In 1969 the Senate agreed, by unanimous consent, to a different way in which the time for debate was controlled and allocated, granting one hour each to the majority and minority leaders and authorizing them to yield not more than five minutes to any Senator seeking recognition to speak.21 However, in 2005, the five-minute debate prescribed in the statute was followed and the presiding officer entertained requests to insert statements into the Congressional Record.
Basis for Objections
The general grounds for an objection to the counting of an electoral vote or votes would appear from the federal statute and from historical sources to be that such vote was not “regularly given” by an elector, and/or that the elector was not “lawfully certified” according to state statutory procedures. The statutory provision first provides in the negative that “no electoral vote ... regularly given by electors whose appointment has been lawfully certified ... from which but one return has been received shall be rejected” (3 U.S.C. §15). The provision then reiterates for clarity22 that both houses concurrently may reject a vote when not “so regularly given” by electors “so certified” (3 U.S.C. §15). It should be noted that the word lawfully was expressly inserted by the House in the Senate legislation (S. 9, 49th Congress) before the word certified.23 Such addition arguably provides an indication that Congress thought it might, as grounds for an objection, question and look into the lawfulness of the certification under state law.
The objection that votes were not “regularly given” may, in practice, subsume the objection that the elector was not “lawfully certified,” because a vote given by one not “lawfully certified” may arguably be other than “regularly given.” Nevertheless, the two objections are not necessarily the same. In the case of the “faithless elector” in 1969, described above, the elector was apparently “lawfully certified” by the state, but the objection raised was that the vote was not “regularly given” by such elector. In the above-described 2005 case, the objection was also based on the grounds that the electoral votes “were not, under all of the known circumstances, regularly given.”

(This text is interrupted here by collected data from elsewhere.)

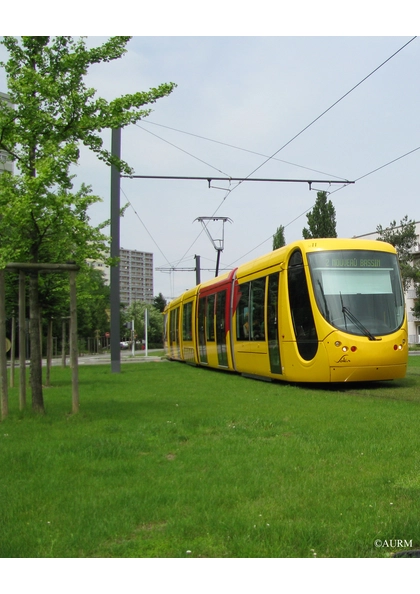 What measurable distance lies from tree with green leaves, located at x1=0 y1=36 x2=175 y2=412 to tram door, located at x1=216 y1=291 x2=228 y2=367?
390 inches

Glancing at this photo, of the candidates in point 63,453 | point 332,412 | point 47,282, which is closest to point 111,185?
point 47,282

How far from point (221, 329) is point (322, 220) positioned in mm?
38356

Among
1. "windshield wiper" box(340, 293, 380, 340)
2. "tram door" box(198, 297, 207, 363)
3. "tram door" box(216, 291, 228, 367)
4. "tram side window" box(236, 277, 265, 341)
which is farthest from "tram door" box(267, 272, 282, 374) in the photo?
"tram door" box(198, 297, 207, 363)

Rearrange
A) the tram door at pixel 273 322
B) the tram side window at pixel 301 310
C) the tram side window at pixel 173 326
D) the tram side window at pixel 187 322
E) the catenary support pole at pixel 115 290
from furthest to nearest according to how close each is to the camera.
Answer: the tram side window at pixel 173 326 → the tram side window at pixel 187 322 → the catenary support pole at pixel 115 290 → the tram door at pixel 273 322 → the tram side window at pixel 301 310

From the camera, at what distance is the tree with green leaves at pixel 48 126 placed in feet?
32.1

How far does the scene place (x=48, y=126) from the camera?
10172 mm

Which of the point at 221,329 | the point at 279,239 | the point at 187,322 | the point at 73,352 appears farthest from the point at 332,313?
the point at 279,239

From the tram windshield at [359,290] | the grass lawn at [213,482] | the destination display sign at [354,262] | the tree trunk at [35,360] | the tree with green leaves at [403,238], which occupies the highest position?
the tree with green leaves at [403,238]

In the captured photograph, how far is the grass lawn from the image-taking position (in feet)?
13.6

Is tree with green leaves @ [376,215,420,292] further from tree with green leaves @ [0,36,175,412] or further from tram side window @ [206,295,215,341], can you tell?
tree with green leaves @ [0,36,175,412]

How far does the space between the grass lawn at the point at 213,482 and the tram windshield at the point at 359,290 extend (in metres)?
3.01

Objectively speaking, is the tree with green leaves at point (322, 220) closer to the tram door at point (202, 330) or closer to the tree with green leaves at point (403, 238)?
the tree with green leaves at point (403, 238)

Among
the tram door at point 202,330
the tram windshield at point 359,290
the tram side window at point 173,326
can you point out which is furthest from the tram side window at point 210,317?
the tram windshield at point 359,290

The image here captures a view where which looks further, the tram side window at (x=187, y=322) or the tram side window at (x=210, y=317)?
the tram side window at (x=187, y=322) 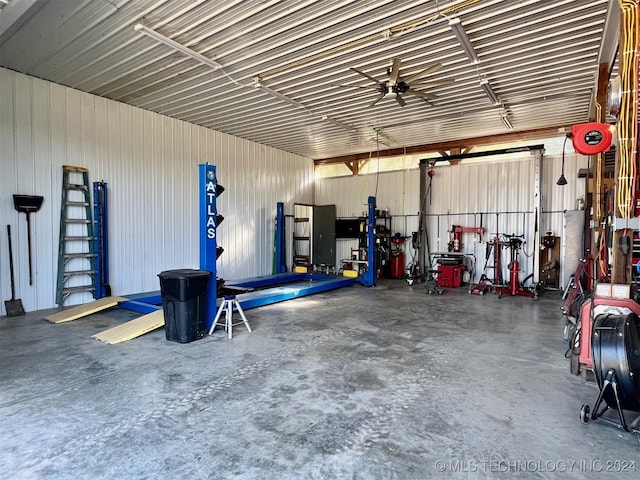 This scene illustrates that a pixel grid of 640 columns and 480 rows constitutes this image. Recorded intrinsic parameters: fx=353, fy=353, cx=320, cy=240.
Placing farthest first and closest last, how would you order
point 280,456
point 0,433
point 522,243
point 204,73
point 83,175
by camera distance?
point 522,243 → point 83,175 → point 204,73 → point 0,433 → point 280,456

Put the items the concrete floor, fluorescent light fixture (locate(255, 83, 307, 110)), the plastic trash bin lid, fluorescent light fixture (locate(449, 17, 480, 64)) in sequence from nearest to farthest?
1. the concrete floor
2. the plastic trash bin lid
3. fluorescent light fixture (locate(449, 17, 480, 64))
4. fluorescent light fixture (locate(255, 83, 307, 110))

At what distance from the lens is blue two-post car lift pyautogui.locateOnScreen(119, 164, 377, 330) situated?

Receipt of Two Certificates from the Same State
Influenced by its historical experience prior to 1887, Congress was particularly concerned in the statute of 1887 with the case of two lists of electors and votes being presented to Congress from the same state. Three different contingencies appear to be provided for in the statute for two lists being presented. In the first instance, two lists would be proffered, but the assumption presented in the law is that only one list would be from electors who were determined to be appointed pursuant to the state election contest statute (as provided for in 3 U.S.C. §5), and that in such case, only those electors should be counted. In the second case, when two lists were proffered as being from two different state authorities who arguably made determinations provided for under 3 U.S.C. §5 (a state statutory election contest determined at least six days prior to December 14, the winner of the state presidential election), the question of which state authority is “the lawful tribunal of such State” to make the decision (and thus the acceptance of those electors’ votes) shall be decided only upon the concurrent agreement of both houses “supported by the decision of such State so authorized by its law.” In the third instance, if there is no determination by a state authority of the question of which slate was lawfully appointed, then the two chambers must agree concurrently to accept the votes of one set of electors; but the two chambers may also concurrently agree not to accept the votes of electors from that state.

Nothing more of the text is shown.